Introduction to the Core Services of the Google Privacy Sandbox

In the previous post we ended with a high-level diagram of the revised Chrome browser that is adapted for the Google Privacy Sandbox (Figure 1). In this article, I will introduce the core products and services that make up the browser side of the Privacy Sandbox in more detail. In the subsequent article, we will go through each of the elements in Figure 1 and explain how they support/tie into the products and services that need to be delivered (Figure 2). After that, I will delve deeply into each of the services and how they work, referring to only those API calls that are most critical to understanding. Lastly, I will tie the entire current flow of a transaction through these browser elements. That is how the Privacy Sandbox works today - the server side elements are still a long way from being implemented. We will therefore focus on those elements and their impact on the overall architecture in later articles.

‍

Figure 1- The Browser with Updates for Google Privacy Sandbox

‍

The Core Sandbox Technical APIS/Product Elements

Now it may seem like I am violating my promise to not drill into APIs, but in order to understand the Privacy Sandbox you first need to understand the core product elements, and these products are packaged as APIs with completely separate functions. So as I describe them, you can just mentally “remove” the term API and you will be able to see them as product names.

There are three core browser-centric products in the overall Google Privacy Sandbox Suite, with many supporting elements (also defined by APIs).

Topics
Protected Audiences
Attribution Reporting

There are also two core server-side products that make up the complete suite which we will cover later:

Key Management Server (there are at least two in order to provide Multi-party Computation)
k-anonymity server

I do not think of the balance of the technologies, such as Fenced Frames or DNS over HTTPS, as “products” per se because they are technologies designed to support the core products, not products in-and-of themselves. . Many are evolutions of browser standards that already exist or they are additions to the browser, such as secure Shared Storage, which will be available to more than just the Privacy Sandbox.

Topics API

The Topics API is intended to deliver targeting for contextual audiences without cookies as part of the Privacy Sandbox. Contextual audiences are relatively easy to create. You index all the pages on various websites and categorize them by some kind of audience taxonomy. Then you capture in the browser what pages a particular browser visits and algorithmically determine the most likely “fit” for the browser into an interest-based audience or audiences.

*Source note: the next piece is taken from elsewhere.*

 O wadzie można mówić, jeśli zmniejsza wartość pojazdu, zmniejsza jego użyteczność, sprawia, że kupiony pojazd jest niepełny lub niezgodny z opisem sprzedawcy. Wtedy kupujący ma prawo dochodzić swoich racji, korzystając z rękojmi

For example, the IAB has a ~1,500 element audience taxonomy that could easily be used for contextual targeting. At this point, Google is using a 471-element taxonomy as part of the Topics API. If you were to ask me why Google is not using the IAB taxonomy to make things easier for providing consistent contextual targeting across both Google, publisher sites, and other third-party adTech platforms, the answer lies in the need to maintain k-anonymity for purposes of complying with privacy requirements. In general, an audience must have at least 50-100 members in order for it to be considered sufficiently anonymous for purposes of targeting. If the taxonomy is too fine-grained, it becomes difficult to create a large enough size of audience to meet the anonymity requirement.

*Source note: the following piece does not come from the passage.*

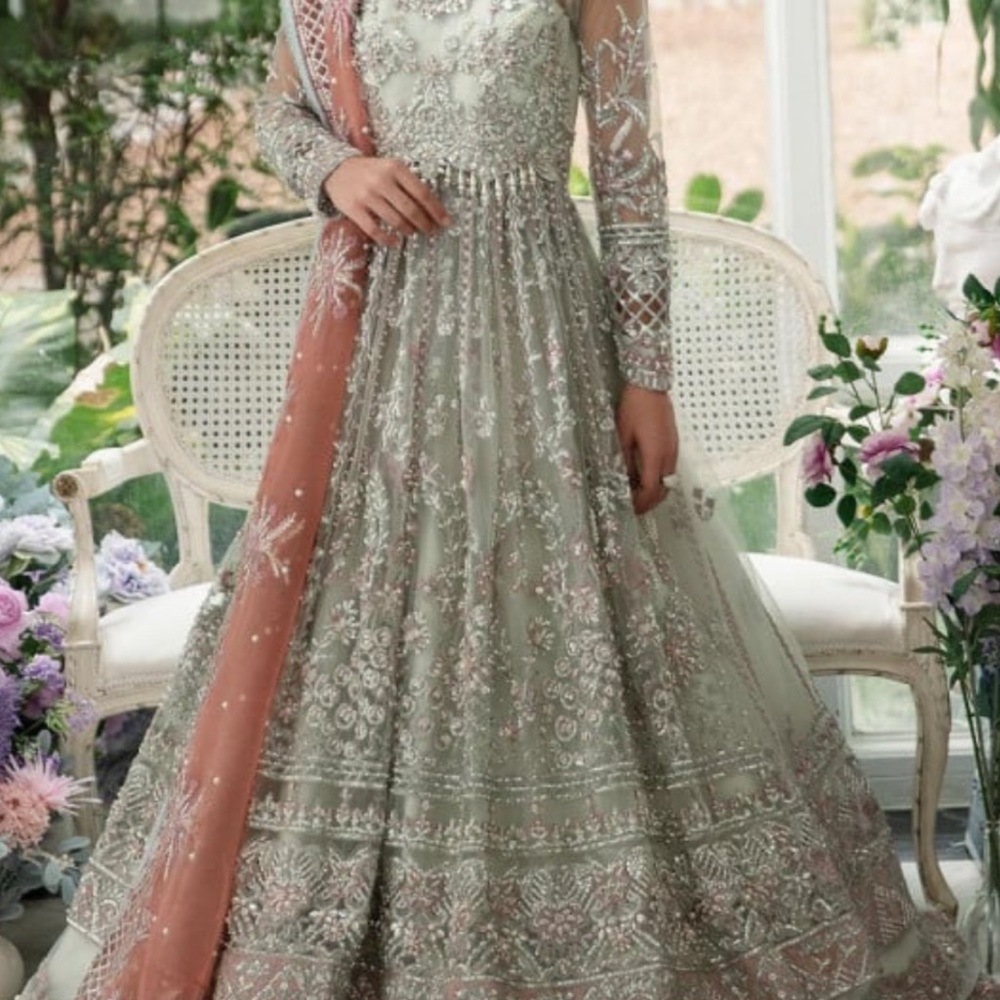Embellished silver maxi Long-Sleeve Formal Dress with Dusty Rose Dupatta pakista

The Topics API evolved out of what I consider the first true “product” that came out of the process that has led to today’s Google Privacy Sandbox: Federated Learning of Cohorts, or FLoC. Federated learning is a data science approach that allows PII (or any) data to reside remotely (in this case in the browser) and when needed have it sent to a central server in anonymous fashion to update the weights of an algorithm. The weights are then sent back to the remote locale and the algorithm run against the local data.

Google came up with an approach that used federated learning to create contextual audiences. A cohort was a short name shared by a large number (thousands) of people, derived by the browser from its user’s browsing history. The browser would update the cohort over time as its user viewed pages on the web. In FLoC, the browser used the local algorithms to develop a cohort based on the sites that an individual visited. In this version, the algorithms might be based on any number of distinguishable features, such as the URLs of the visited sites, on the content of those pages, or other factors. The central idea was that these input features to the algorithm, including the web history, were kept only in the browser and were not uploaded elsewhere — the browser only exposed the generated cohort.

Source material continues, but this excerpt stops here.